Exercise instructions: Using the entries below, copy exactly each line from the line with "this 460×258 image." up to and including the line with "this 626×418 image.", with every picture left out.

Data supplied:
--

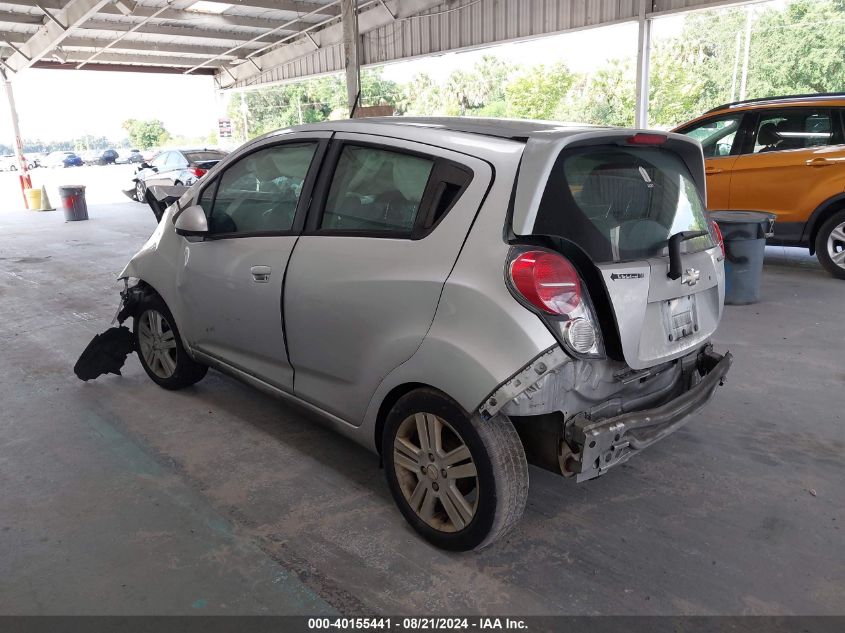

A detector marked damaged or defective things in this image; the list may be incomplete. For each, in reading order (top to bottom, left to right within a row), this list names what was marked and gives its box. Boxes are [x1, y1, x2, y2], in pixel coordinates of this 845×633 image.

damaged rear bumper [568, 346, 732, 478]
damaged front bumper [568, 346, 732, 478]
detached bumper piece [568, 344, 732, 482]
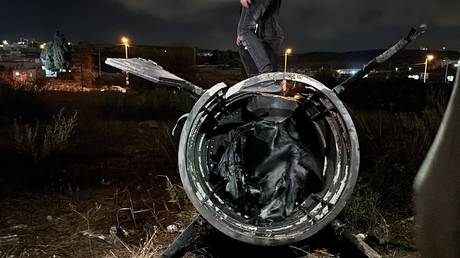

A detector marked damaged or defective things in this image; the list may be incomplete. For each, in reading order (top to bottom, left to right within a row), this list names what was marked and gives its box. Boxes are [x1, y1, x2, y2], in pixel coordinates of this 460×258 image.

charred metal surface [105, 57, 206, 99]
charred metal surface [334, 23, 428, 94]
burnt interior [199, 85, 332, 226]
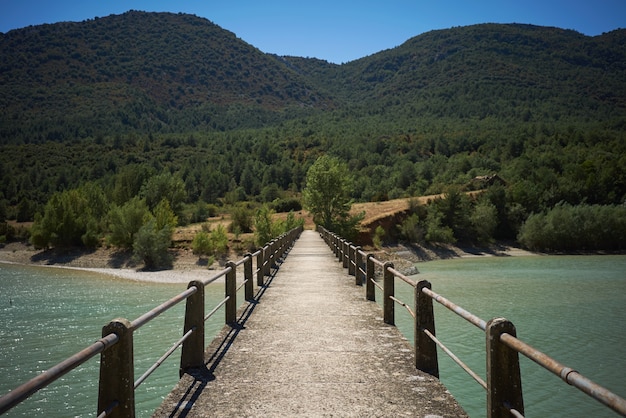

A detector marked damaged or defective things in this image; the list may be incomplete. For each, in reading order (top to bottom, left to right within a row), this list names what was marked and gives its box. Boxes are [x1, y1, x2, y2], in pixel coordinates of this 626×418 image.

--

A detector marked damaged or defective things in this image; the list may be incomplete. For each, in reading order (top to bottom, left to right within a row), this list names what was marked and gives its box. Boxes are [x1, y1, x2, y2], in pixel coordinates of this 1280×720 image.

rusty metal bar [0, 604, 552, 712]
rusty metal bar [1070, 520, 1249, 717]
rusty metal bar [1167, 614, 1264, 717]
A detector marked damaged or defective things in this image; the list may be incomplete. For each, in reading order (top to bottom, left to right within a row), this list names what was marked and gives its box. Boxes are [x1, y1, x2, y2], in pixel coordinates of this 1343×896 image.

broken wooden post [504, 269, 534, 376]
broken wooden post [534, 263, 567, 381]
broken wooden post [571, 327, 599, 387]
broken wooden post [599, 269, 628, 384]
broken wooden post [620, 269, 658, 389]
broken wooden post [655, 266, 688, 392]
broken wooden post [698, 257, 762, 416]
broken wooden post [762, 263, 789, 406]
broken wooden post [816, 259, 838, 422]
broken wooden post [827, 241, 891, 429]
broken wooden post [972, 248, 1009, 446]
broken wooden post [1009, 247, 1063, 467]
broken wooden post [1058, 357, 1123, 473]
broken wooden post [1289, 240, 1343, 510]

--

Answer below:
A detector marked damaged or defective things in this image; the list may be incomplete. For each, in reading order (top to bottom, left to right within a row), this list names what was marked and gives its box. Boxes are [x1, y1, x2, y2], in pixel coordinates of this 460×258 image.

charred metal surface [105, 57, 206, 99]
charred metal surface [334, 23, 428, 94]
burnt interior [199, 85, 332, 226]

A detector marked damaged or defective things in this image; the list may be incomplete. For each, in reading order (top to bottom, left to right within a row), this list names what was marked and gives its box. Boxes are [x1, y1, x2, y2], in pixel coordinates of this 626×418 image.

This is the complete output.